Finding Your Voice: The Value of Telling Your Story
May 13, 2020 11:45 AM
VIA ZOOM: Victoria Emmons & Dolly Browder
Finding Your Voice: The Value of Telling Your Story

Ever considered telling your personal story in public? It’s not as easy as it sounds. Yet more and more people are finding the value they achieve in doing so. This week’s speakers — Dolly Browder and Victoria Emmons — will share how telling their stories have made a difference in their lives and the lives of others. 
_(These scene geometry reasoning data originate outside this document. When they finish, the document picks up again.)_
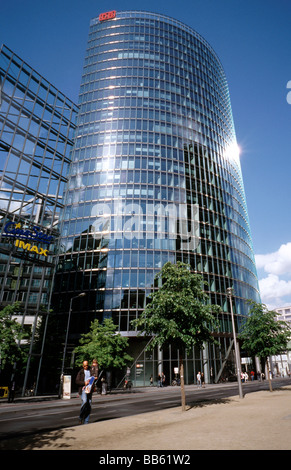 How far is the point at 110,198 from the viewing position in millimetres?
51656

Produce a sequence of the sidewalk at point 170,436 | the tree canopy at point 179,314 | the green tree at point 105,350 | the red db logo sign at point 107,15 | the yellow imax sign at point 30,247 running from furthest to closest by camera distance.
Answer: the red db logo sign at point 107,15, the green tree at point 105,350, the yellow imax sign at point 30,247, the tree canopy at point 179,314, the sidewalk at point 170,436

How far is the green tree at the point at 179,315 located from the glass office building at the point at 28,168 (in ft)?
59.1

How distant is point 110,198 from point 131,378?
29.4 metres

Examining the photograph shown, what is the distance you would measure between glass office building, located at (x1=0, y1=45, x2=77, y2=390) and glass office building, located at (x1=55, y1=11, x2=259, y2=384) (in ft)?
46.4

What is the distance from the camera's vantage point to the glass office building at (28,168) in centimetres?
3000

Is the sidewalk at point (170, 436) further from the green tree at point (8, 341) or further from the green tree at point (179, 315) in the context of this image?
the green tree at point (8, 341)

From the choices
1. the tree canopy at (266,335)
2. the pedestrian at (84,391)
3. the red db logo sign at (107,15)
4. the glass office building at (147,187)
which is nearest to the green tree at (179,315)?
the pedestrian at (84,391)

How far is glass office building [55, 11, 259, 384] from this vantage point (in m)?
47.1

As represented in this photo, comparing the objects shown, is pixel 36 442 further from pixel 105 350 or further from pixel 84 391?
pixel 105 350

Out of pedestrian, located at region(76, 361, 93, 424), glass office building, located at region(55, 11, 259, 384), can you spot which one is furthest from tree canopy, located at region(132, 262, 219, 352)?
glass office building, located at region(55, 11, 259, 384)

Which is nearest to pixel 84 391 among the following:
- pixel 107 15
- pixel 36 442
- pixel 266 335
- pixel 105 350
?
pixel 36 442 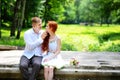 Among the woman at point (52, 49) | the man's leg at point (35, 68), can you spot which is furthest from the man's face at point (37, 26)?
the man's leg at point (35, 68)

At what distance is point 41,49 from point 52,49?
32cm

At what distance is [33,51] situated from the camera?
341 inches

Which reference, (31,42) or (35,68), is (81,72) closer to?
(35,68)

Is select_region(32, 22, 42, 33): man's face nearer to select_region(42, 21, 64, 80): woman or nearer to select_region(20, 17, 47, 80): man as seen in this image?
select_region(20, 17, 47, 80): man

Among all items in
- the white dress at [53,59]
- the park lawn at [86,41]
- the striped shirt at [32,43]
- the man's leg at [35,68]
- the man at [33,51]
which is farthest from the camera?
the park lawn at [86,41]

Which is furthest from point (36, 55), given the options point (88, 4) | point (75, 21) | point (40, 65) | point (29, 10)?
point (75, 21)

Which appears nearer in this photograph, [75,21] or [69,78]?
[69,78]

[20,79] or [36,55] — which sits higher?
[36,55]

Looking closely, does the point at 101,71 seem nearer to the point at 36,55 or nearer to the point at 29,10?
the point at 36,55

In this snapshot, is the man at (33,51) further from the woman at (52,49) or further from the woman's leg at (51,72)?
the woman's leg at (51,72)

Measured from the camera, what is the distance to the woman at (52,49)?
8320 mm

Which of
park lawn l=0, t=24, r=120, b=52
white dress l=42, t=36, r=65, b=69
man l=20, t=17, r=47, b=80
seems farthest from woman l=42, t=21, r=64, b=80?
park lawn l=0, t=24, r=120, b=52

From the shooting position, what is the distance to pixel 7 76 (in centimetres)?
863

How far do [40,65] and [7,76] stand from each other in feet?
3.46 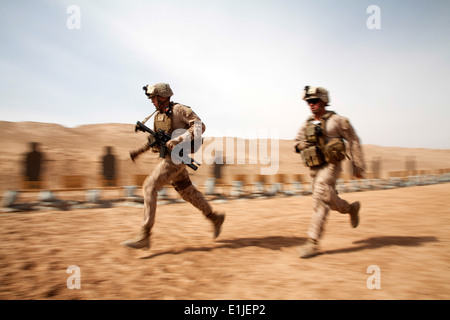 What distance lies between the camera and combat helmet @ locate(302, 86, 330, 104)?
3453mm

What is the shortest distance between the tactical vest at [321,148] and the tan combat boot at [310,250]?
0.93 m

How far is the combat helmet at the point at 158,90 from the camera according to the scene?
11.8 ft

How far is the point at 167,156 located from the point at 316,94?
6.52ft

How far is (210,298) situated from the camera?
2260mm

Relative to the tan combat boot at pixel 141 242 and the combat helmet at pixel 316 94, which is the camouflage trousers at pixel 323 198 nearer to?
the combat helmet at pixel 316 94

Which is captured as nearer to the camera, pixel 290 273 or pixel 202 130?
pixel 290 273

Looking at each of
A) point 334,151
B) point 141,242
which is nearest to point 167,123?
point 141,242

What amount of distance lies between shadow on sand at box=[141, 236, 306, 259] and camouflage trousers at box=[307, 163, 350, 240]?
22.5 inches

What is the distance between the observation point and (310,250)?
3236mm

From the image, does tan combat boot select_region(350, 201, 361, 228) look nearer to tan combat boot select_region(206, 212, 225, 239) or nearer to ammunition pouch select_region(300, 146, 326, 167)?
ammunition pouch select_region(300, 146, 326, 167)

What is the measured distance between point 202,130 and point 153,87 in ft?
2.69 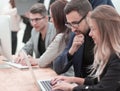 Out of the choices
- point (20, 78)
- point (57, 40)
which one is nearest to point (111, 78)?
point (20, 78)

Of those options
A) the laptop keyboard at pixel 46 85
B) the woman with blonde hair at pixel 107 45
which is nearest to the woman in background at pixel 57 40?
the laptop keyboard at pixel 46 85

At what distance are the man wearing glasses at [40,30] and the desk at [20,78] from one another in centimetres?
27

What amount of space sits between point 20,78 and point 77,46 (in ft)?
1.56

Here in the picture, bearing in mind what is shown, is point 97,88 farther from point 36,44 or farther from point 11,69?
point 36,44

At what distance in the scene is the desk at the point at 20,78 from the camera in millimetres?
1889

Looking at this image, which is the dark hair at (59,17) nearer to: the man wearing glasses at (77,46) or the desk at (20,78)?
the man wearing glasses at (77,46)

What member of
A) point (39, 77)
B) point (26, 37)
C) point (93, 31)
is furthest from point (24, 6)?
point (93, 31)

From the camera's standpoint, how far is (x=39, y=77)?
212 centimetres

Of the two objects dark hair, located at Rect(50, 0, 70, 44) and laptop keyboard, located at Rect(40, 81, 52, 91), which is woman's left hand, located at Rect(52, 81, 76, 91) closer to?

In September 2019, local author and memoirist Richard Fifield compiled an anthology of memoirs written by Montana women. The book -- entitled "We Leave The Flowers Where They Are" -- gets its name from a line in the book's only poem, written by an 85-year-old woman. The 43 stories tell about joy, tragedy, family, love, culture, abuse, horror and more. Each author found her voice in telling her story. 

Dolly Ellen Browder retired from her practice as a Licensed Midwife after attending home births for 37 years in western Montana. 

Dolly resides with her husband in Missoula and their two daughters live and work in New York City. Dolly occasionally works as an expert witness in midwifery cases, is a docent for a local museum, practices yoga five days a week, rides her bike whenever possible and travels the world.

She is one of 41 Montana women whose stories appear in the recently-published anthology We Leave the Flowers Where They Are. Her memoir entitled “Number One” chronicles some of the challenges she had to overcome in her midwifery career.

Victoria Emmons moved to Missoula in 2015 to be near family after a ten-year career teaching French and journalism in secondary school in Florida and a 30-year career in healthcare administration in Northern California. Her daughter’s family subsequently relocated to Arizona, but Victoria was hooked on Montana. Today she is an author, editor and consultant in Missoula, and loving the local scenery.

Victoria is president-elect of the Rotary Club of Missoula and has served on many nonprofit boards throughout her career. She is co-chair of the Rotary District 5390 Public Image Committee and editor of the District’s Big Sky News. She is also a multiple Paul Harris Fellow.

For four years, Victoria wrote a lifestyle column for a California magazine and her website www.rueSleidan.com includes more than 100 of her poems. Her stories and poetry have appeared in six anthologies, including We Leave the Flowers Where They Are. One of her poems is on display at the Stanford Cancer Unit in Palo Alto, CA. 

The author will share her humorous memoir “Montana Bound” about moving to Missoula.